I suggest all of you on here who have left their babies with strangers at only a few months old for long periods of time, read the book I mentioned above. It's by Sue Gerhardt.
OP, if you are seeking information and want to make a fully informed choice about the decision you will be making, then you really need to read the book as it will inform you about the baby's perspective at being abandoned by it's mother. The baby cannot communicate how she/he feels at being left with a stranger, but you can read plenty of books that can educate you about this.
thermosflask I think you are being a little harsh. I'm sure all the mums on here are fantastic parents, working or not. I really don't think it is as black and white as being a working mum means your child will grow up into a dysfunctional adult. I think despite differing arguments on all manner of issues on raising a child we'd all agree that loving your child is above all the most important thing and everything else is very much a matter of opinion.
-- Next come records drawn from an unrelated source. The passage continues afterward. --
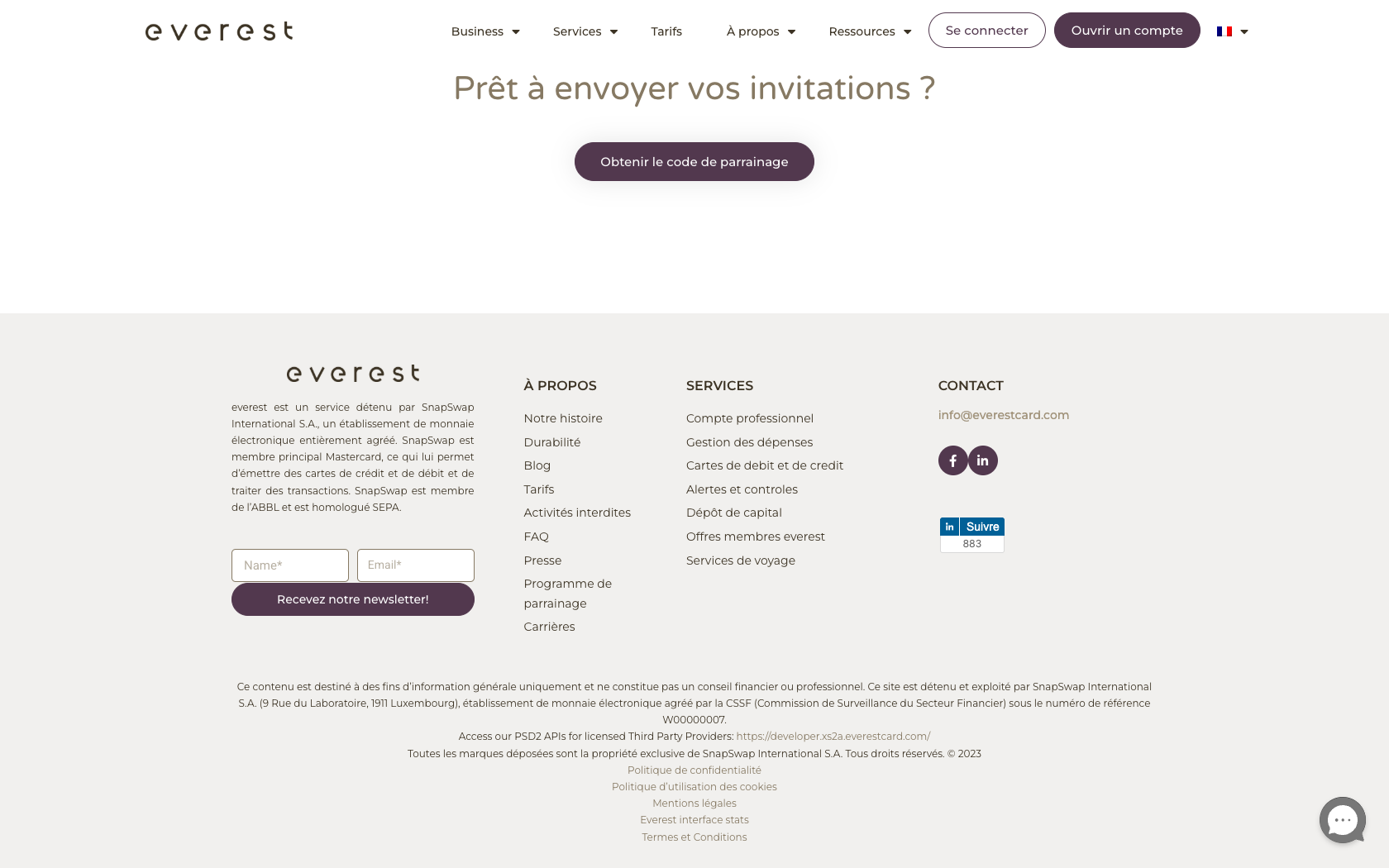 Page programme de parrainage Everest Card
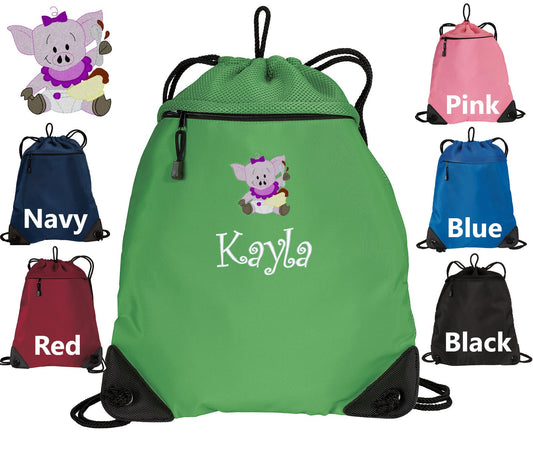 Personalized Kids Cinch Pack, Drawstring Gym School PE Pool Backpack, Embroidered Pig, Custom Name, Kids Gift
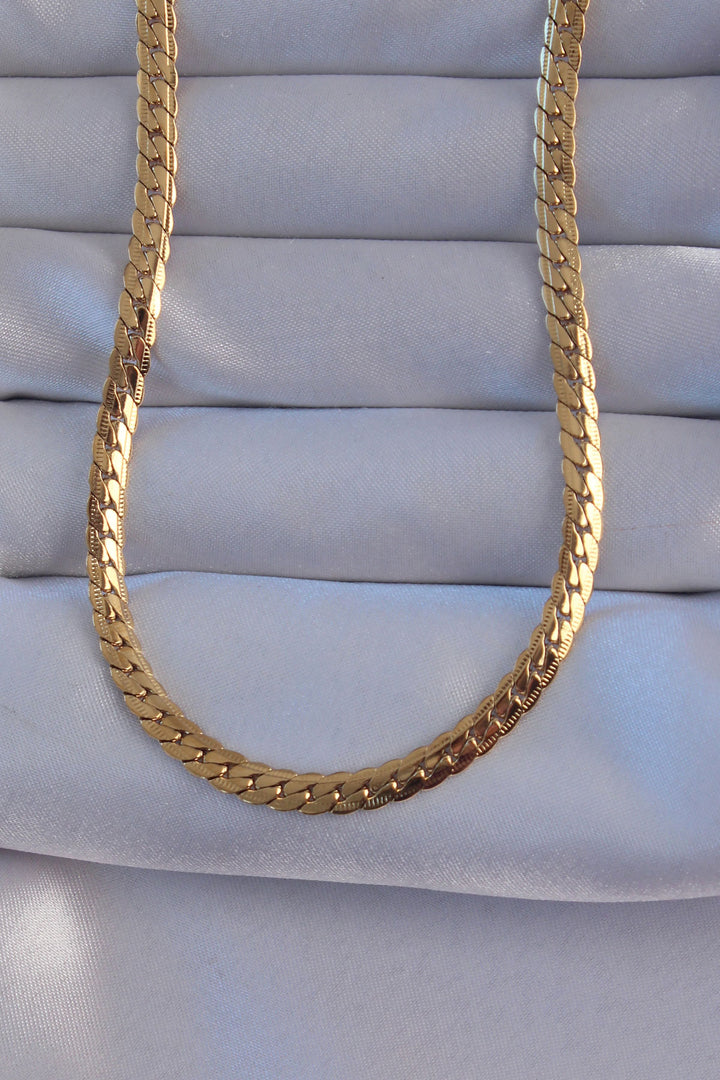 EBJ 316L Steel Gold Color Flat Spiral Chain Model Necklace - West Haven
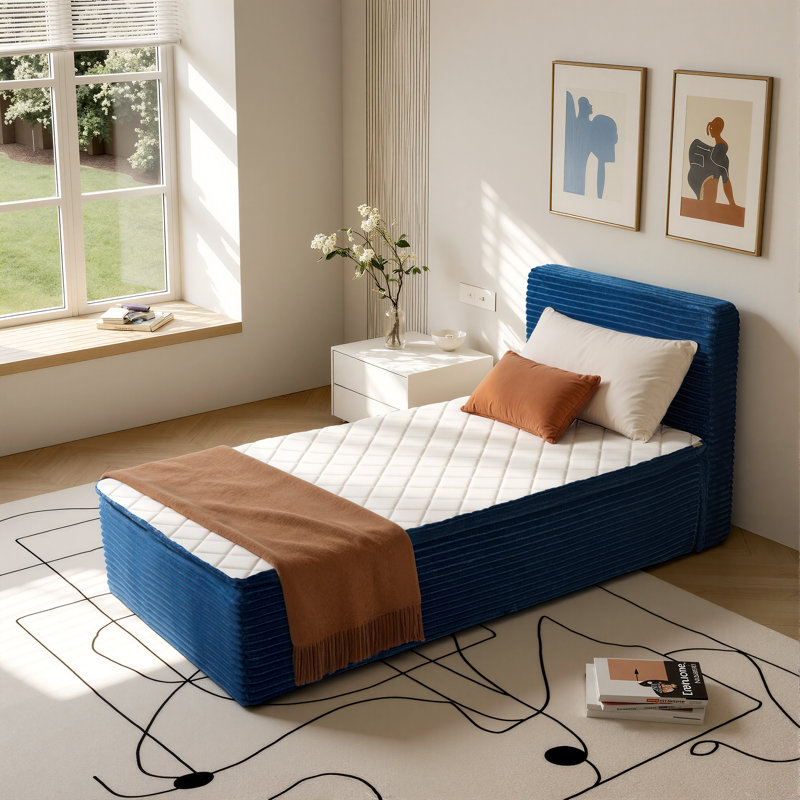 Lit plateforme tapissier simple à compression, Twin, Blue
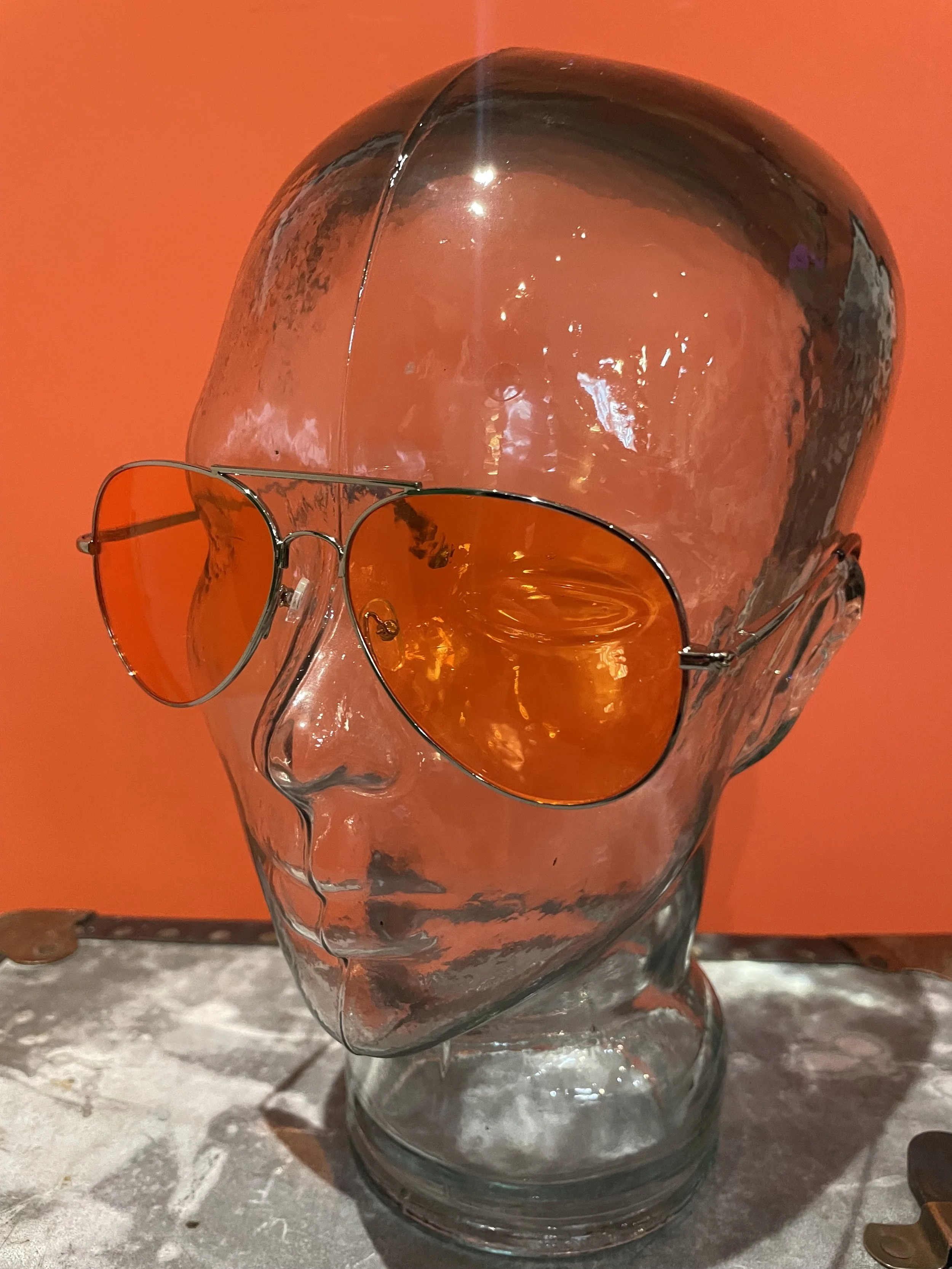 MISS ARCADE SHADES "Jen" Aviator Sunglasses- ORANGE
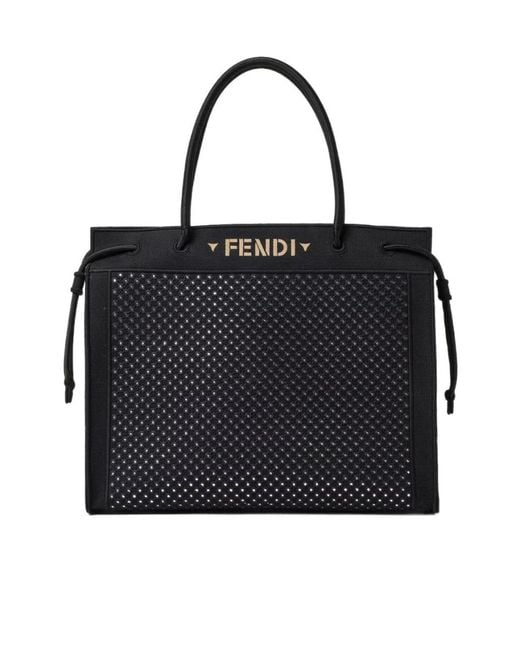 Fendi Black Magic Shopper Large Embroidered Fabric Shopper With Mirrors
Where I live they take babies as young as 6wks at long day care centres. I personally find it distressing as I know I couldn't have done it, even before having the baby, but it clearly works for some people's circmstances. Maybe it is worth looking at options for a later return or other alternatives in case you find you really cannot do it when the time comes? If that happened it would be easier to have some idea of the facts rather than trying to sort it whilst looking after the baby as well.
Also if it is purely for financial reasons have you definitely been honest about things? I say this cos I know a mother who constantly moans about how she has to go back to work as she can't afford not to, yet she has a new hair colour every month, they have two massive 4x4s, just rennovated a new house & go on at least two long haul holidays a year. It irks me as what she really means is that she cannot afford to go without those things.
thermosflask, fine to have your opinion but stop being so bloody pushy!
What do you think parents had to do 10 years ago when maternity leave wasn't as generous as it is now? Staying at home isn't an option for many parents.
Oh for goodness sake thermosflask, back off. You have given your point of view, and suggested one source that supports it.
Many women return to work, I am planning to when my baby is four months old. It is a necessity. BECAUSE I love my child and want to be able to feed it and put a roof over its head!
There was a thread/link on MN the other day OP that discussed a new study that suggested childcare for infants have minimal to no negative impact, and a working mother could have a positive impact for girl babies,
Your child in it's crucial first few months needs to feel loved, safe, secure, protected and cared for. I do not believe that a nanny/child minder, however well intentioned can meet your baby's emotional needs like it's mother.
I'm not concerned about being harsh to an adult. I'm far more concerned about a little baby who cannot communicate it's needs, and I will ALWAYS speak up on behalf of the child. If it seems harsh then maybe that's what's needed to jolt you all out of your complacency and selfishness.
here's the thread AllThreeWays is talking about
I agree with teacher. Wait until your baby is here and then see how you feel. I thought I would go back after six months after my first but I actually ended up being a SAHM for 9 years. That was my choice and I recognise that I was very lucky to be in the position to be able to make that choice.
Whatever you decide it will be for the best for you and your family and when baby has been here for a while you'll just know which route to go down.
thermos, bog off and stop trying to turn this thread into a bunfight.
Just because lots of mums return to work does NOT make it the right thing to do from the baby's point of view.
At least be honest about your choices. Admit that you are putting your needs above your baby's when you go back to work.
How am I meeting my babies needs if we go hungry and are evicted?
it's not always about the mother's needs is it though thermosflask
sometimes it's a financial necessity - and I'm not talking haircuts and holidays I'm thinking more of rent;/mortgage and bills
are you suggesting that people shouldn't have children unless they can afford for one parent to give up work?